The situation is not much different with technical disciplines. One might suppose that if scientists define a bunch of technical terms in a particular way then the relationships between them are analytic. But scientific knowledge, like everthing else, evolves over time and frequently requires adjustments to the terminology. An example that Quine gives is that in classical physics momentum was defined to be mass times velocity, but in the light of special relativity we now define momentum to be mass times velocity times the Lorentz factor, and our reasons for doing so are ultimately empirical. Our definitions are eligible for revision in the light of empirical discoveries just as much as the equations are. It would be pointless to claim that it used to be analytic and hence a priori knowable that p = mv, and now it is analytic and a priori knowable that p = γmv. The fact is we used to think that p = mv was true and in the light of empirical data we now think it is merely a limiting case. There is nothing analytic or a priori about it. Maybe the same will happen in future with other scientific terms. Who can say? We cannot anticipate all possible future discoveries.

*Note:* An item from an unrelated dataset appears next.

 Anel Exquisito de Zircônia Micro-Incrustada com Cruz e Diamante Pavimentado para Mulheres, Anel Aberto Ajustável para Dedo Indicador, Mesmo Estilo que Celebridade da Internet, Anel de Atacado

The only place where one might plausibly retain analyticity is in mathematics. If a triangle is given the conventional definition then it is analytic that a triangle has three sides. Even here, Quine has his reservations. For Quine, mathematics pays its epistemological debts by the contribution it makes to science. The reason we are in practice highly unlikely to want to revise mathematical definitions is because in the holistic scheme of things, our beliefs about mathematics are well-protected from revision, though perhaps not entirely immune.

Answered by Bumble on December 19, 2021

Actually, the claim 'Dogs generally bark' is synthetic, not analytic. How would one ever know that they generally bark without hearing them bark, and frequently (for the 'generally' part). In fact, how would one even have the concept of barking without first hearing barking, or that it is dogs that bark without hearing barking from dogs?